Another example, although much harder to prove, was Lizard of Oz’s thread “Trump General Election Policy Proposals Part 2: Reviving the American Family,” where to the best of my knowledge was the first place anyone coined the meme “#TrumpBabyBoom”! He wrote that thread in May 7th, and on July 20th Ivanka read her proposal to help working class moms with tax deductions and other childcare incentives.

Because the time differential between the thread and Ivanka’s speech is only a month, it is harder to prove that Lizard of Oz was the inspiration for her speech, and it does seem likely that Ivanka was thinking of those ideas for quite some time on her own. But the #TrumpBabyBoom tag was first posted there, and it is totally possible the ideas in his thread echoed through enough people to reach someone in the Trump campaign.


It was a snowball of ideas. And the ball started here and many other places. The internet, with total free speech, means that only the strongest arguments survive. And on this corner of the internet, with a large collection of intelligent men, and, very importantly, no women to distract us, we developed the arguments that would win the day and win the primaries. Special credit goes to Deepdiver as the first pebble that started the avalanche; I recognized the truth of the salty ol’ SeaDog’s arguments and moved to defend and articulate them to the rest of this forum and I watched our arguments spread like wildfire through the internet. We won the internet for Trump.

Measuring results

Not only was RVF instrumental as a think-tank for Northeast Conservatives, but I’d also like to give credit to Mypostingcareer for Conservatives in the South. Although that forum is rather distasteful with its explicit racism, it doesn’t change the fact that they are influential within Southern conservative circles. Whether we like it or not, racism is the norm in much of the Midwest and South. Blacks and Whites do not get along due to an extremely ugly history, and the grudge has continued for over two centuries.

Democrats have been using this grudge as a political strategy to win votes from Blacks with no care about feelings of love or peace. Racial harmony is bad for the Democrats, and, again, whether we like it or not, the racist Whites of the South and Midwest are our rivals and deserve respect.
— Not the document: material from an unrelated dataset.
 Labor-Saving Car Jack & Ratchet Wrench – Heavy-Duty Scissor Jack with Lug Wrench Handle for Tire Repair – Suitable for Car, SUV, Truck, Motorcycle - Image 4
They still honor ideas of Rule of Law and Christian Neighborly love, but they have trouble accepting Blacks as Neighbors. And likewise Blacks have trouble accepting Whites as neighbors. Up in the Northeast, we notice that Talmudic Jews have trouble accepting Whites as Neighbors. But we’ll discuss more about this when talking about the future of the Republican party in future installments.

The thought-effects of these two forums is obvious when examining how the primary season went; Trump had trouble in the Midwest, but crushed the Southeast and Northeast. The Midwest’s Conservative base mostly watched TV instead of the internet, and the apparent purity of a guy like Ted Cruz was most superficially appealing to them. Things like multi-million dollar loans from Goldman Sachs went unnoticed. Fortunately the Midwest became red pilled by the time the general election rolled around and they were forced to pay attention to Trump.

Thus, during the primary season the forum had heavy influence on how well-informed voters on the internet made their decisions, but it sure didn’t hurt that Trump was an easy sell either! There can be no more doubt about the power of the internet with free speech. It allows men with virtually no social standing or money to shape the thoughts of others. Previously it was said, “the pen is mightier than the sword,” but now we can confidently state that the keyboard is mightier than all the world’s armies and trillions of dollars.

After seeing just how much of a role we played going into the primaries, we can now be more proactive, and confident, in creating cultural and political changes through our internet influence for future national elections. Local elections are much harder to influence in this way, but perhaps we can get there eventually as well.